LGBT Community Tackles Non-Discrimination Ordinance in Public Forum
CHARLOTTE, NC — The city hired actors to act out and read comments from March’s Charlotte City Council meeting.
Not everyone was happy with the choice, but they said it gave the actors a chance to voice both sides on the issue.
Outside protesters held signs condemning the forum.
“You need Jesus. You don’t need this ordinance,” Ante Pavkivoc.
Inside: a different scene. “You were able to see ideas on different things,” says opponent Gary Holmes.
Where groups for and against changes to the non-discrimination ordinance spoke freely with each other.
“Some people, they were in view of if they had a small business, and how if they used, if their religious beliefs didn’t concur with the ordinance, they reject, they refuse to do it, they had enough protection,” says Holmes.
The current ordinance protects people from being discriminated against based on race, creed, religion and national origin, among other things. But they say it doesn’t protect sexual orientation, gender expression and gender identity.

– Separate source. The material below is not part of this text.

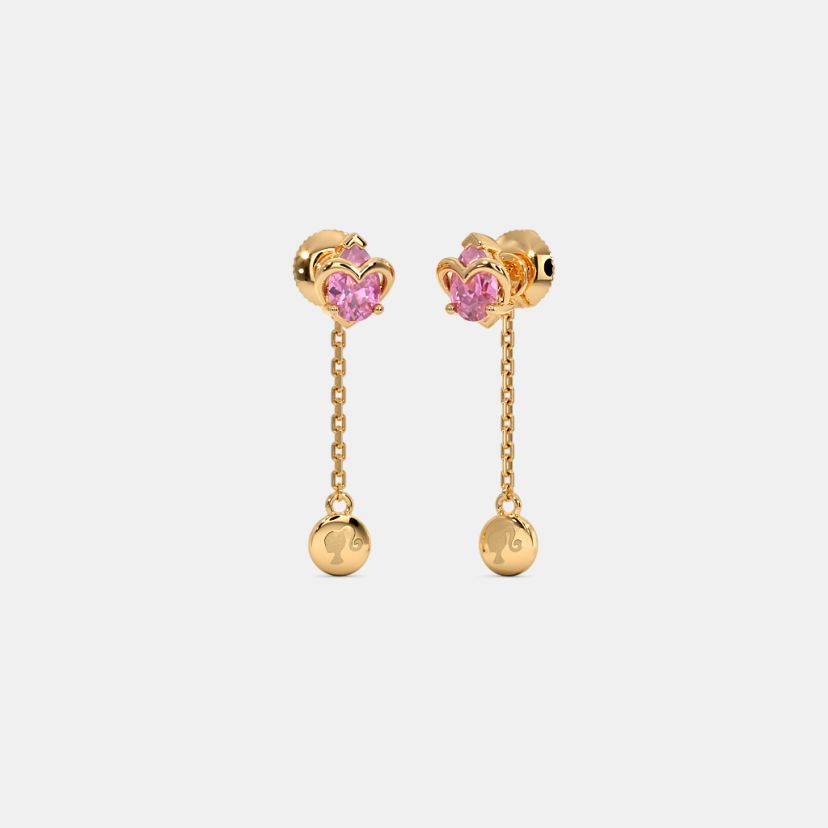 The Hidden Heart Front Back Earrings - image 1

“Sexual orientation is covered under county hiring policy, but not covered under the non-discrimination ordinance for the city,” says Chad Turner.
Supporters would like to see new language added that would allow members of the LGBT community to take cabs and use public accommodations, like restaurants or restrooms, without discrimination.

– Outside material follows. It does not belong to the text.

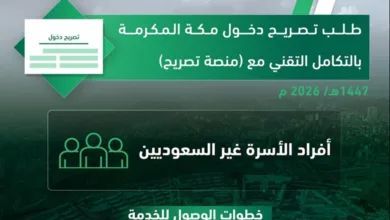 تصريح مكة غير السعوديين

Rights they say they deserve.
“Who I go to bed with, where I go to the bathroom, my gender identity, they’re all me. That’s not you. Don’t tell me who I can love!” says Erica Lachowitz.
But it’s the portion that says transgender men and women could use the restroom they identify with Mayor Roberts says may have kept City Council from passing the changes before.

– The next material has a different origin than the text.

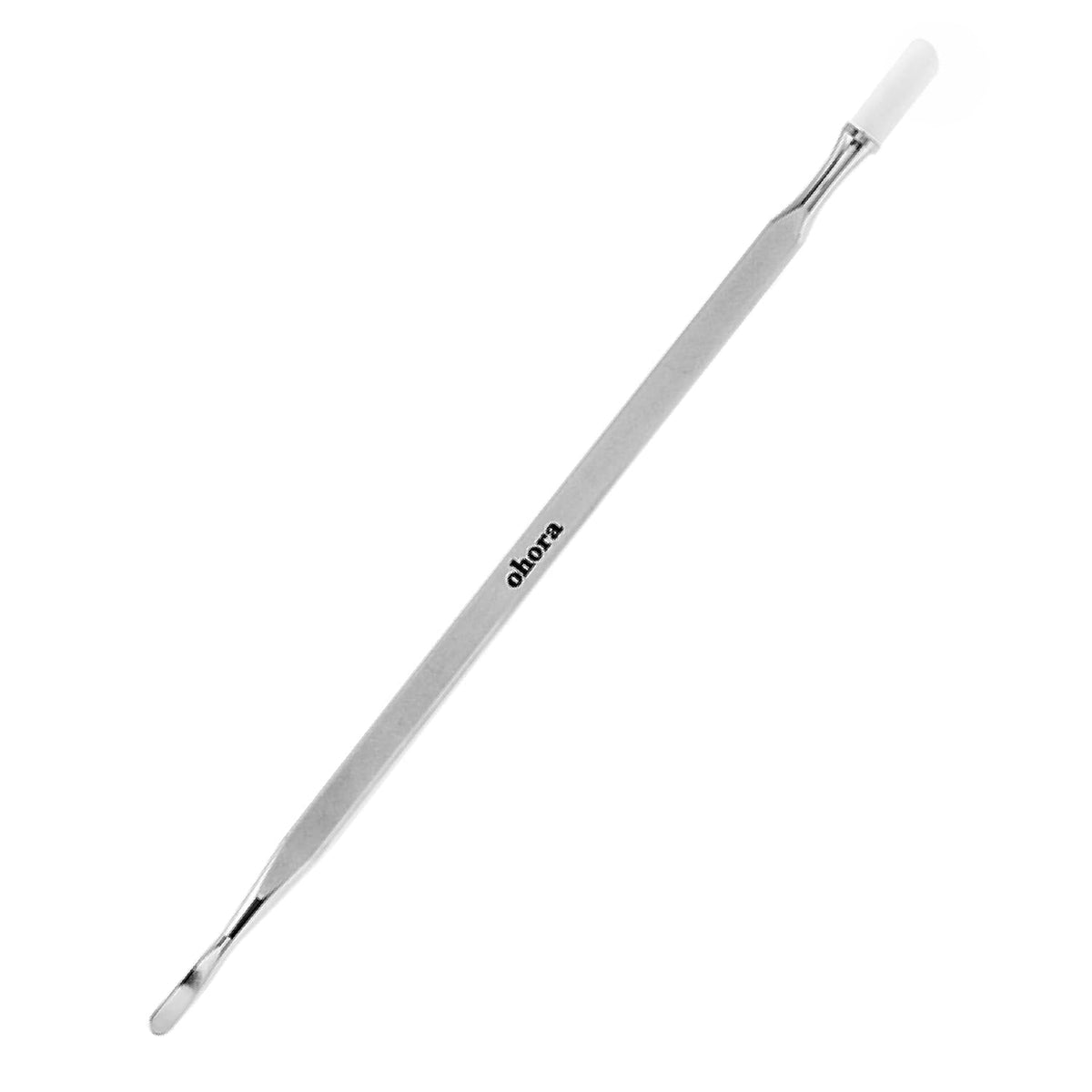 ohora Care Pro Easy Dual Stick press-tip in action smoothing nail strips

The Mayor says educational forums like this one could sway voters on City Council to pass it.
“I think that there are people who are truly open to listening, whose minds will be changed. There are other people who maybe are not listening, who might change their minds later, and there may be some people who are firmly set in their beliefs, will always feel a certain way,” says Roberts.
The changes would also prevent discriminating against awarding contracts to LGBT workers or businesses, and expanding the committee that protects their Community.
City Council could vote on the issue as early as this month.